Allons-nous dans la bonne direction? Des recherches économiques suggèrent que non. Dans les conditions actuelles, elles indiquent qu’un retour rapide à l’équilibre pourrait même donner un caractère permanent au marasme qu’on connaît.
D’abord, les fameuses consolidations fiscales (qu’on aime appeler «austérité») réduisent la croissance économique à court terme. L’effet est encore pire en période de faible croissance. Et cet effet néfaste persisterait dans le temps.
Plus grave encore, les compressions draconiennes peuvent réduire durablement le potentiel de croissance de notre économie. Un potentiel déjà affecté par la crise de 2008.
EFFETS DURABLES
Après la crise de 2008, les pays qui sont revenus trop rapidement à l’équilibre budgétaire ou qui ont essayé de le faire en ont souffert pendant des années. Ils ont tous revu leurs prévisions de croissance à la baisse à plusieurs reprises. Aucun pays ayant appliqué la médecine de l’austérité n’y a échappé.
Les politiques d’austérité auraient empiré, sinon causé, ce cauchemar. Sans vouloir tirer de conclusions hâtives pour le Québec, les faits portent quand même à réflexion.

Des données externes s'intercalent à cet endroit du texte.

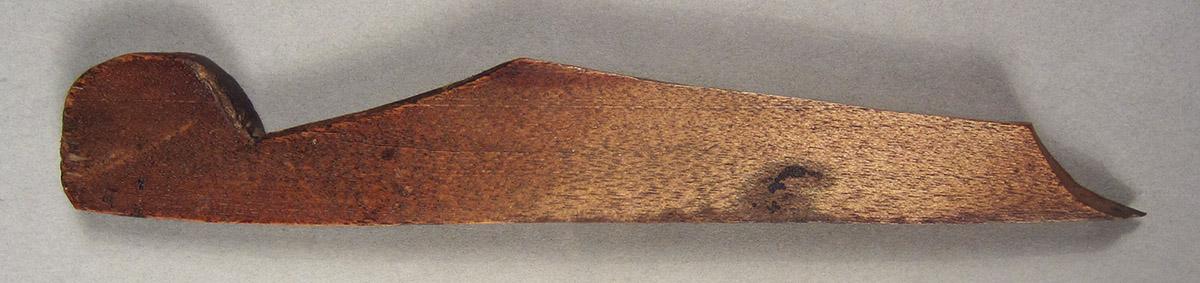 1957.0093.089 A-C, Rabbet plane, wedge side 1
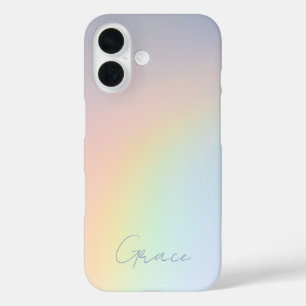 Coques iPhone 16 Fille Colorée Ombre Rainbow Glam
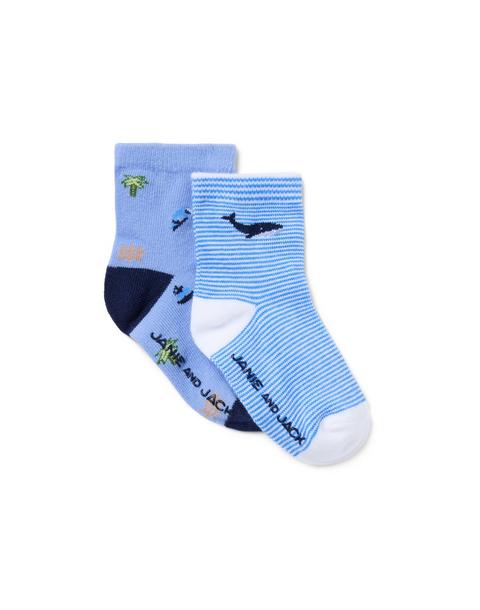 Baby Nautical Icon Sock 2-Pack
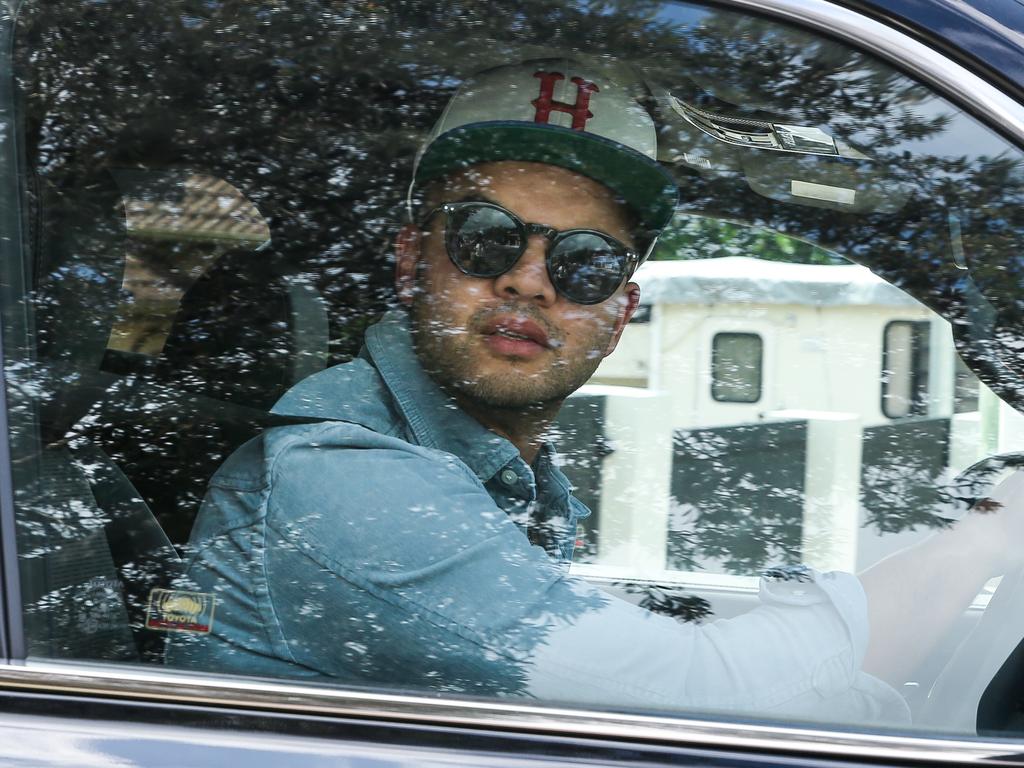 Guy Sebastian is seen leaving his home in Maroubra today. Picture NCA Newswire/ Gaye Gerard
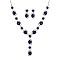 Bejeweled Crystal Necklace Earrings Set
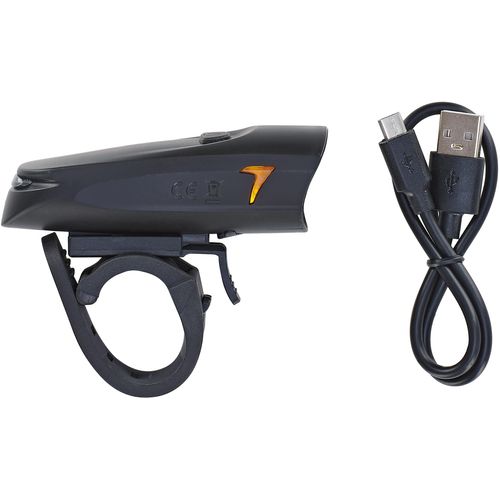 Fahrradbeleuchtung PROPHETE "LED Akku Scheinwerfer 30/15/10 Lux", schwarz, Fahrradlampen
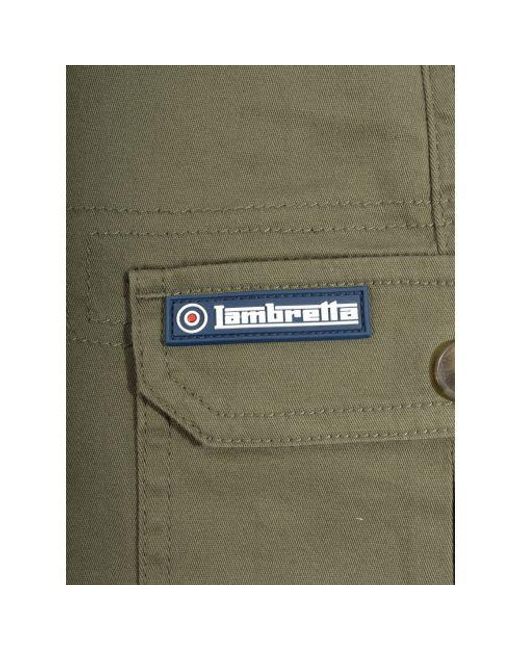 Lambretta Green Khaki Cargo Short for men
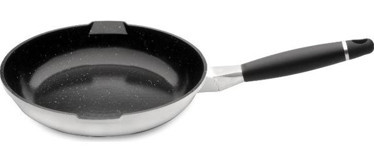 Berghoff Virgo Plastik Saplı Demir Döküm 26 cm Düz Tava Beyaz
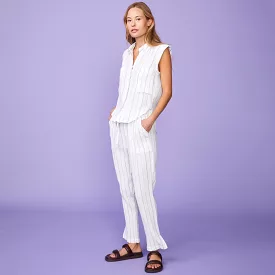 Pinstripe Gauze Pants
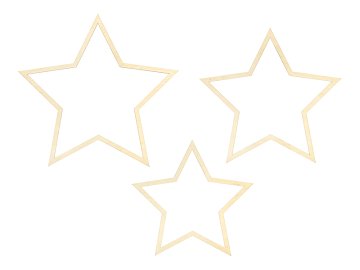 Hanging decorations Stars, mix (1 pkt / 3 pc.)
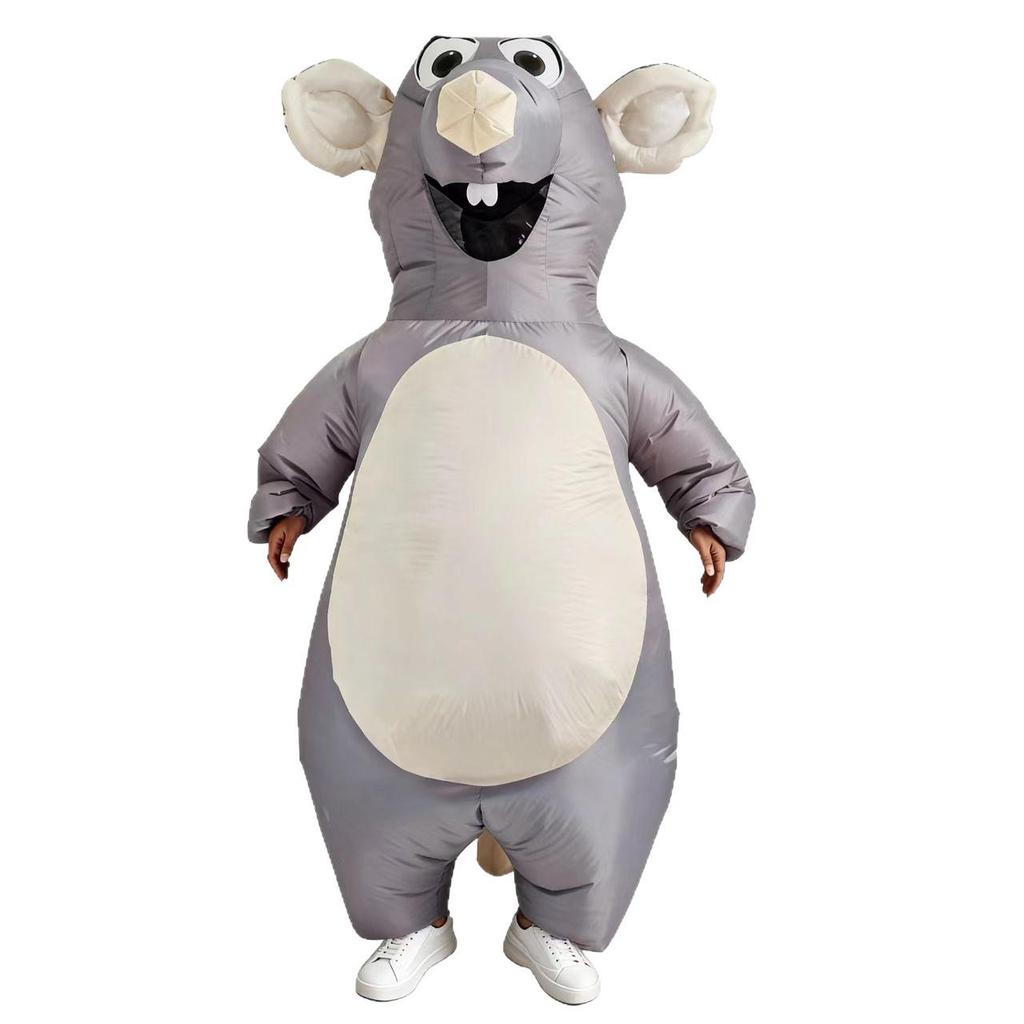 Disfraz de Muñeco Ratón Inflable Especial Transfronterizo para Fiesta de Halloween o Actuación en Festival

En avril 2014, le Parti libéral du Québec (PLQ) prévoyait une croissance économique de 2,1 % par année. Le dernier budget a abaissé cette prévision à 2 %. L’hiver passé, la Banque Nationale établissait sa prévision à 1,9 %. Puis, en juin, Desjardins abaissait la sienne à 1,5 %. En septembre dernier, la Banque Royale a abaissé ses prévisions de croissance à 1,3 %.
Dans de telles circonstances, un budget moins déficitaire peut contribuer à alourdir le poids de notre dette dans l’économie. Mais cet effet ne se fera sentir que dans quelques années.
LA BONNE MÉTHODE
Cela ne signifie pas qu’il faille donner aux syndiqués du secteur public tout ce qu’ils demandent. Ni que le gouvernement a tort de chercher des gains d’efficacité et d’éliminer toutes sortes de dédoublements. Ni que la taille de l’état ne doit jamais être remise en question.
En fait, mieux vaut procéder en réduisant les dépenses qu’en augmentant les taxes. La confiance des consommateurs et des entreprises serait affectée par une hausse soudaine du fardeau fiscal. La méthode utilisée par le PLQ est donc appropriée. Ce qui pose problème, c’est plutôt l’empressement avec lequel on procède présentement.